Taking the line with "Slide: The Image" as the first and the line with "Thor 4x4 Sanctuary" as the last, set down exactly every line in that range from the entries below, and no more.

Web page caption snippets
((
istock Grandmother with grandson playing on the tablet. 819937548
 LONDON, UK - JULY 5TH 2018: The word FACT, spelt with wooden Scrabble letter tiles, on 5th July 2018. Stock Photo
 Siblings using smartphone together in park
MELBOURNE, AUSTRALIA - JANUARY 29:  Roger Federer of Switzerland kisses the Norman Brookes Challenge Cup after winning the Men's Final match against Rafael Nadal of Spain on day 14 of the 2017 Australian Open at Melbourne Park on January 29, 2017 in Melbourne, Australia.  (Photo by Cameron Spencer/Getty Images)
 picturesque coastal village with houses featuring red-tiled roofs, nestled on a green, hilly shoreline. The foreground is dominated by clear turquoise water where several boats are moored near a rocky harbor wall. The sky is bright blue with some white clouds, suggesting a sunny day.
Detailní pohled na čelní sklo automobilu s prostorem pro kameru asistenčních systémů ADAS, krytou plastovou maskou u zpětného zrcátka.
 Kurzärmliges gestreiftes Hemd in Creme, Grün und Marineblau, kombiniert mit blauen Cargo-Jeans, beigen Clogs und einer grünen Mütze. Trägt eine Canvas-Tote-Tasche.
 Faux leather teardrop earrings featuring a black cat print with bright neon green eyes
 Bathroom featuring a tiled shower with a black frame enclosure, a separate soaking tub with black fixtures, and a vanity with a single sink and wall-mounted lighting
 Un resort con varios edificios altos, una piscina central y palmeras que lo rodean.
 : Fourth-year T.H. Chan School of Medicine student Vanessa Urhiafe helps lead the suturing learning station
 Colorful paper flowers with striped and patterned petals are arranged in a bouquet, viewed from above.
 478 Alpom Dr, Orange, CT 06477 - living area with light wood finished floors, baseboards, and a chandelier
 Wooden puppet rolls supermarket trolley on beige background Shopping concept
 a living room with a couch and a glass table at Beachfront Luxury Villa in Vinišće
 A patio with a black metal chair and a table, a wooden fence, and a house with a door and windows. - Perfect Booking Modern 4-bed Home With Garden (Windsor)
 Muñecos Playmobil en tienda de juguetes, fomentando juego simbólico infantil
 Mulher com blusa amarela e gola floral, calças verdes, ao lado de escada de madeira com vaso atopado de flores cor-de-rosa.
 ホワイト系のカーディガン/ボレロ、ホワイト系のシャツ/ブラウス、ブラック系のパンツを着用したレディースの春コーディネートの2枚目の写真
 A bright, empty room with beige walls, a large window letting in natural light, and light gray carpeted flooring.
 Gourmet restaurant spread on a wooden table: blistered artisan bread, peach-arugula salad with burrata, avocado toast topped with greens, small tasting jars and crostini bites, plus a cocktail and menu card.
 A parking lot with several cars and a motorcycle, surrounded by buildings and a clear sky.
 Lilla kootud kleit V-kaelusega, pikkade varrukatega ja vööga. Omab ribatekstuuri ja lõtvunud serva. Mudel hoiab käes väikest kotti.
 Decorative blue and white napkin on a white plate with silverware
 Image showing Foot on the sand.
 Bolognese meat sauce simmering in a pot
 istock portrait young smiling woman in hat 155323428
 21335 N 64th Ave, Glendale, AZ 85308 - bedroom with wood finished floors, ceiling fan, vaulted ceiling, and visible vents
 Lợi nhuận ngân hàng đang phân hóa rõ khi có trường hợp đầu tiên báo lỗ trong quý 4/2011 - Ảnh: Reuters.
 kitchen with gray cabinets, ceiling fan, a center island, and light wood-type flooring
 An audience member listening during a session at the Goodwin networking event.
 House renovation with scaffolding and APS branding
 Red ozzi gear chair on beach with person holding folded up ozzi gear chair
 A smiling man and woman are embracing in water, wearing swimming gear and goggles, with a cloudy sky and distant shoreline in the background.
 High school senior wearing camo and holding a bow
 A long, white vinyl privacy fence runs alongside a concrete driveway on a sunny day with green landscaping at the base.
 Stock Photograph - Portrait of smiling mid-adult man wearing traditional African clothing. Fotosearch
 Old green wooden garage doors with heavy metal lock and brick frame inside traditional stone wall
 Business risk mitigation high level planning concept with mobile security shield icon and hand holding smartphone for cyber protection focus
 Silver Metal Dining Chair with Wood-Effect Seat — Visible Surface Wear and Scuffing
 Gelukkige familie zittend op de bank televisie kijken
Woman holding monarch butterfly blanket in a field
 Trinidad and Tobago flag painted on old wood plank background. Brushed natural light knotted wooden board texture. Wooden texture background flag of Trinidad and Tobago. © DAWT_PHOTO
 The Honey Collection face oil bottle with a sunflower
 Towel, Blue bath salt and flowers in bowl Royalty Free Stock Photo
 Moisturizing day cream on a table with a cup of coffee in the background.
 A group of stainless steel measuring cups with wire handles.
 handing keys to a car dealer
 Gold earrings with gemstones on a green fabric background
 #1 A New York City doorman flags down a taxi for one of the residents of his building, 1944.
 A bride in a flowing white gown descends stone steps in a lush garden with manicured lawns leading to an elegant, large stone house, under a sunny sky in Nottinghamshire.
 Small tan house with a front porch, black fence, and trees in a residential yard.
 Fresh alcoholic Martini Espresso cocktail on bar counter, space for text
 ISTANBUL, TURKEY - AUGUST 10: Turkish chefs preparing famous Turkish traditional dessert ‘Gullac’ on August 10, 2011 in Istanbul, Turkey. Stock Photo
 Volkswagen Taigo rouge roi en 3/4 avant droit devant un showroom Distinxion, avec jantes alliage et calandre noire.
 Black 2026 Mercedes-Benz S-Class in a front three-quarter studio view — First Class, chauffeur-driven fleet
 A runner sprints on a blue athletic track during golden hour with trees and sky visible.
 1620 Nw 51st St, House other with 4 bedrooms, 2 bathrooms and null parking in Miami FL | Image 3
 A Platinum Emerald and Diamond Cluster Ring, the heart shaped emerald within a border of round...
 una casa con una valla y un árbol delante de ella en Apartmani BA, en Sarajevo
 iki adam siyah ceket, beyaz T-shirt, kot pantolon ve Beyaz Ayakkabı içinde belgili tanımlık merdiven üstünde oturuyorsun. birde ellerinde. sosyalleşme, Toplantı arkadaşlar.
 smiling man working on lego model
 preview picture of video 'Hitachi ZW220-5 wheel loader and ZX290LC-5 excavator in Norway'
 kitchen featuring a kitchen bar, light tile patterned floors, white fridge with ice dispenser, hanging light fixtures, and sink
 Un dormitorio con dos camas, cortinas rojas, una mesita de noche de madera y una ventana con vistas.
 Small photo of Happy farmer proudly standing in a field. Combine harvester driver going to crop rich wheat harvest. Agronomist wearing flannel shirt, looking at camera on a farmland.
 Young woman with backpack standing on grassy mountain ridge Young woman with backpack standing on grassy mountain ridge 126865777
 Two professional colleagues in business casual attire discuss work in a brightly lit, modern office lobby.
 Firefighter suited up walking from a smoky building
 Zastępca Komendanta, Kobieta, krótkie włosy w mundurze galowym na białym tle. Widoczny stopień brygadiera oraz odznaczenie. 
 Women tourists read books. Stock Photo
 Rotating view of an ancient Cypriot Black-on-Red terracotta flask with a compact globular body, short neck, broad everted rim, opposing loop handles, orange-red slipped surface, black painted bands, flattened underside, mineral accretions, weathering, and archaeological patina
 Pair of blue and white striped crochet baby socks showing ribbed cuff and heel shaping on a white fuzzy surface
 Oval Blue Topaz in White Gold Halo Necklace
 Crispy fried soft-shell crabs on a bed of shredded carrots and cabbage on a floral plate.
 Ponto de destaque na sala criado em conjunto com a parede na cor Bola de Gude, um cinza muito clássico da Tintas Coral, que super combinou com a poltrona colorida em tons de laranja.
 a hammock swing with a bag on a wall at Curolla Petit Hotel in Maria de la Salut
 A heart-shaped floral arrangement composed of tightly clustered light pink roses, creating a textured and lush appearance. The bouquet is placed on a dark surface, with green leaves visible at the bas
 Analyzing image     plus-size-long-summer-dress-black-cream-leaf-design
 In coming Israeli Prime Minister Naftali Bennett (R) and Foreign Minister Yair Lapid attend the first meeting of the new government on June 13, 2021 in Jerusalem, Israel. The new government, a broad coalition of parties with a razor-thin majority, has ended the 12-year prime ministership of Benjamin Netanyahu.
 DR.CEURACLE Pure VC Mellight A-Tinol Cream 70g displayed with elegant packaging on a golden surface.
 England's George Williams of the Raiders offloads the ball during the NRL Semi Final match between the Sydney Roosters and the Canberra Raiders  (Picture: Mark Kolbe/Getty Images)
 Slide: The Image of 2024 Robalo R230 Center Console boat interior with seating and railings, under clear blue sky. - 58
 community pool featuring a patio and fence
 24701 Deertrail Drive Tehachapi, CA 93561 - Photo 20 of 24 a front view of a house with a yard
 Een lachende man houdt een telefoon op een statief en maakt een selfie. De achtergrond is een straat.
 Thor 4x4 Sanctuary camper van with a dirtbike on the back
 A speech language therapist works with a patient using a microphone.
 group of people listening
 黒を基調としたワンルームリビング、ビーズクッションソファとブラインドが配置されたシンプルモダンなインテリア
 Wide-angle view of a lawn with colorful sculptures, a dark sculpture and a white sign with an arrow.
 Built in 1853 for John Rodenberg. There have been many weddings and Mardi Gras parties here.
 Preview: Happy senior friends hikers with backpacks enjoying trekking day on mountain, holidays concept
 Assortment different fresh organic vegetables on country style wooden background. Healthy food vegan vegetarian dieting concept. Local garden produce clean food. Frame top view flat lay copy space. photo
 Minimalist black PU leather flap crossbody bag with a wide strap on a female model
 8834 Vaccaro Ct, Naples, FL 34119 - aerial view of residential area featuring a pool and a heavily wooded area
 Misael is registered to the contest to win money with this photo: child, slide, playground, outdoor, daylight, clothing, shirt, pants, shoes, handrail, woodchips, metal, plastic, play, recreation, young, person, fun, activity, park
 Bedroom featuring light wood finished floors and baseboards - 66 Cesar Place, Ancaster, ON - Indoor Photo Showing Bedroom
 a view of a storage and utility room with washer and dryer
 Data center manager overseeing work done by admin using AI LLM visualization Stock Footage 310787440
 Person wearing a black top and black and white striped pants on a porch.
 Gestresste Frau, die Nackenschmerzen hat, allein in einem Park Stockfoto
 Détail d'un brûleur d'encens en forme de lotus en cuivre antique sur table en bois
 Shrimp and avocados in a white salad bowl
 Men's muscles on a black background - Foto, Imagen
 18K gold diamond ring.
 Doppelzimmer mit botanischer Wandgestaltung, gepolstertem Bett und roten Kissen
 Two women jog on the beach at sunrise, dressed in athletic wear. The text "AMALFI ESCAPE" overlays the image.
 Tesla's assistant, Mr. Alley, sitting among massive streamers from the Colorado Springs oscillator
))
> **RESPONSE AREA**:
 Slide: The Image of 2024 Robalo R230 Center Console boat interior with seating and railings, under clear blue sky. - 58
 community pool featuring a patio and fence
 24701 Deertrail Drive Tehachapi, CA 93561 - Photo 20 of 24 a front view of a house with a yard
 Een lachende man houdt een telefoon op een statief en maakt een selfie. De achtergrond is een straat.
 Thor 4x4 Sanctuary camper van with a dirtbike on the back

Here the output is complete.